Three City of Powell River councillors, organizing the city’s first Sustainability Roundtable, found weather conditions took a shine to the theme of the meeting.
Councillors CaroleAnn Leishman, Russell Brewer and Rob Southcott took a chance by holding the event at the Rotary Pavilion at Willingdon Beach, Saturday afternoon, June 4. However, as Southcott said, sustainability has to be fun, and the location needed to portray this.
“If a process isn’t fun, it is going to be a little harder to buy into,” he said. “We are not just out to survive, we are out to thrive.” The pavilion was the coolest spot in the park, and as temperatures soared, people gravitated to the flipcharts and stickers, paper bags and pens, to see what the activity was all about.
More than 50 community members took part by indicating which of the action points for each strategic area of the Integrated Community Sustainability Plan (ICSP) they believed were the highest priority for the city to pursue.
“I was not entirely sure what to expect,” said resident Mark Brown. “I was not sure whether it would be a sit down at tables thing, but I actually like this dot democracy idea.”
Laura Wilson, a parent of young children and new import into Powell River, was happy with how the event was organized. “This is a great event to get some real direct action straight from the community,” she said.
The ICSP was created by the Sustainability Steering Committee, and completed in 2015. This roundtable is the first of a series of roundtables focusing on the four pillars of the city’s community strategic priorities: sustainability, social planning, economy and community engagement.
Over two hours, all votes were cast.

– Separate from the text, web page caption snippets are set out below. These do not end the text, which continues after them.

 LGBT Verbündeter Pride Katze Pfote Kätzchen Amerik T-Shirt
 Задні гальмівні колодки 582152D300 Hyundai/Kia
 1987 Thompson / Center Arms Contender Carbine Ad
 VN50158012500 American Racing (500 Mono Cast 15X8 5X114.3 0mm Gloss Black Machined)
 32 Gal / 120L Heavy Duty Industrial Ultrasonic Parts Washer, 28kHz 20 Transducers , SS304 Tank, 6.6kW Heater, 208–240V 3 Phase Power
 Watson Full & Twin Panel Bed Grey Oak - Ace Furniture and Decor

Wilson attended for two reasons. “I’m here as a community member because I am definitely interested in the way the community is going, in goals, in interest, in intent,” she said. “I am also here as a member of the social planning team, the [Powell River Diversity Initiative Job Creation Project], and we are very interested because we have engaged the community in different ways through conference and personal engagement and different social services, but this is an even better, more focused approach. The ICSP is such an amazing document.”

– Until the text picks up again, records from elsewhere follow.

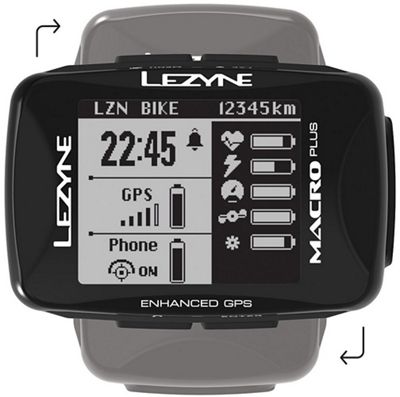 Lezyne Macro Plus GPS Cycling Computer - Noir, Noir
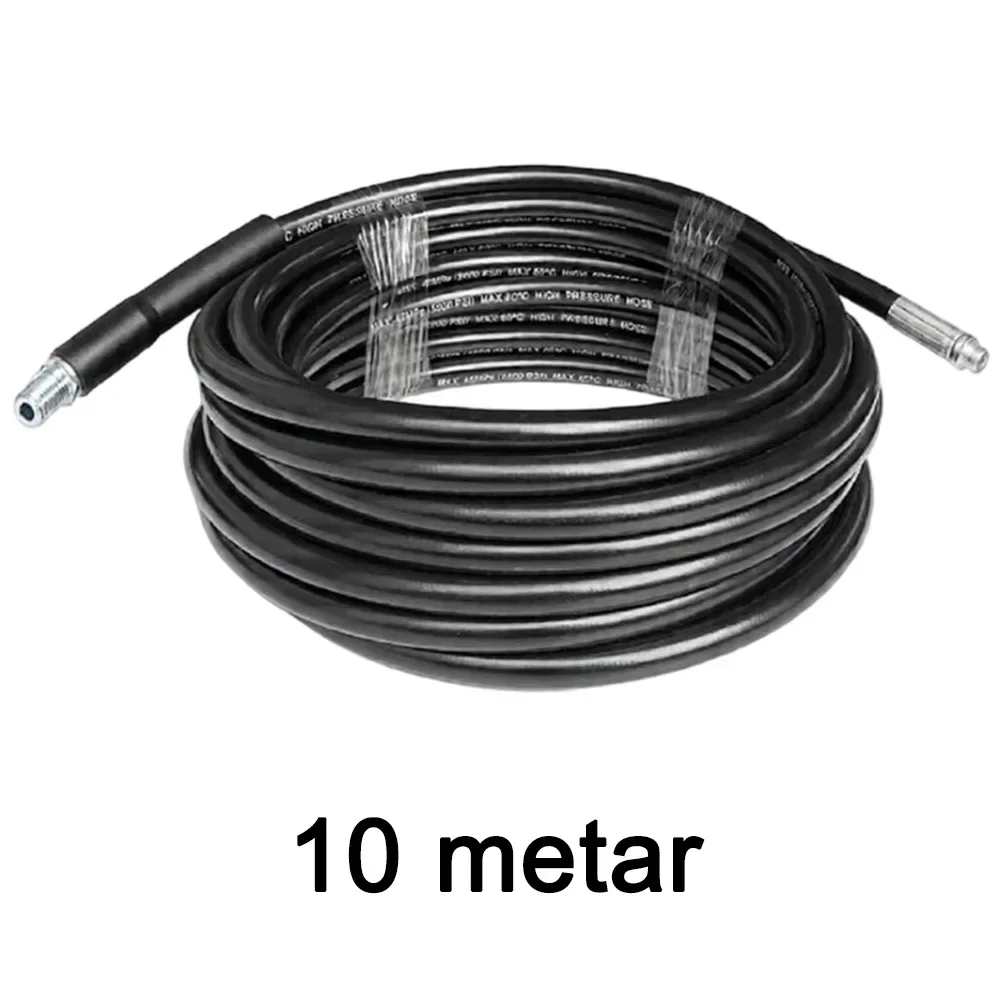 Pressure Washer Hose Pressure Drain Hose Metal And Rubber Construction Flexible Design Easy Transport Cleaning Hose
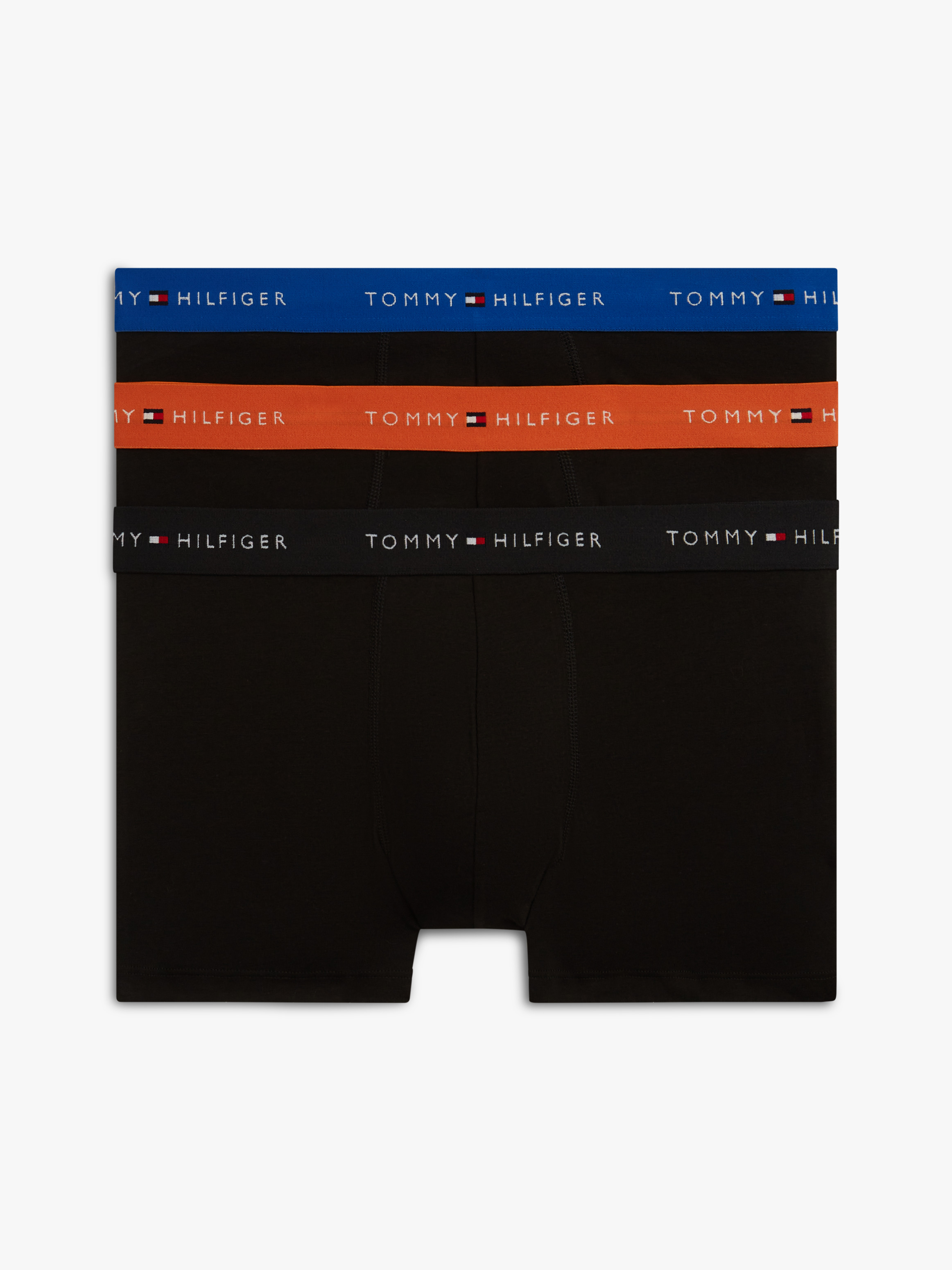3-Pack Signature Repeat Logo Waistband Trunks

She liked how organizations were invited. She said it was a good idea because even if only one person from the group can attend they can go back and inform the rest of what took place. Also, if an organization takes on an action, that organization has a team of people to work on it and carry it through.
One of the groups invited to attend was Climate Action Powell River (CAPR). “One of the reasons we formed our group is that while the city is looking after the corporate aspect of climate change by encouraging energy efficiencies within and on city property, they are not doing anything about community carbon reduction,” said Michael Gelber of CAPR. “That is where we can take some of the projects that the city approves that they want to have done at the community level. That is the area where you get substantial carbon reduction. The big part is getting everybody to use less carbon.”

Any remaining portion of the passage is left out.